CDFS–ELAIS-S1 Transfer

We want to know if a classifier trained on CDFS will work on ELAIS-S1. There's a few questions that need to be resolved:

  • Will the CDFS-trained feature extractor act the same on the ELAIS-S1 field?
  • Will a classifier trained on extracted CDFS features work on extracted ELAIS-S1 features?
  • Does a classifier that just uses non-CNN features work as well on ELAIS-S1 as on CDFS?

In [4]:
import re

from astropy.coordinates import SkyCoord
import astropy.io
import astropy.visualization
import astropy.visualization.mpl_normalize
import crowdastro.crowd.util
import h5py
import keras.models
import matplotlib.pyplot as plt
import numpy
import seaborn
import sklearn.linear_model
import sklearn.neighbors

%matplotlib inline


Using Theano backend.

In [5]:
CROWDASTRO_PATH = '../data/crowdastro_wise_elais.h5'
CDFS_TRAINING_PATH = '../data/training.h5'
ELAIS_TRAINING_PATH = '../data/training_elais.h5'
CNN_WEIGHTS_PATH = '../data/weights.h5'
CNN_MODEL_PATH = '../data/model.json'
MIDDELBERG_PATH = '../data/middelberg_2008_atlas_classifications.dat'
ELAIS_IMAGE_PATH = '../data/ELAISmosaic_allch_8March2015.fits'
CDFS_IMAGE_PATH = '../data/CDFSmosaic_allch_8March2015.fits'
IMAGE_WIDTH = IMAGE_HEIGHT = 32
IMAGE_SIZE = IMAGE_WIDTH * IMAGE_HEIGHT
IMAGE_SHAPE = (IMAGE_WIDTH, IMAGE_HEIGHT)

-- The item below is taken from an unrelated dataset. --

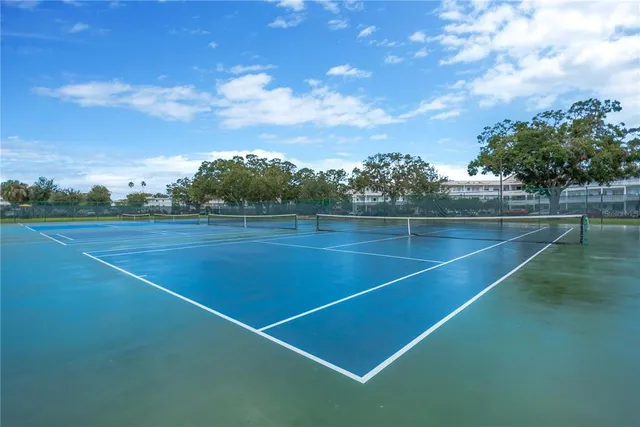 a view of a tennis court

CDFS-CNN Feature Distribution on CDFS and ELAIS-S1

We will henceforth refer to the convolutional neural network (CNN) feature extractor trained on the Radio Galaxy Zoo CDFS labels as the CDFS-CNN. In this section, we will investigate the distribution of features of the CDFS images and the ELAIS-S1 images.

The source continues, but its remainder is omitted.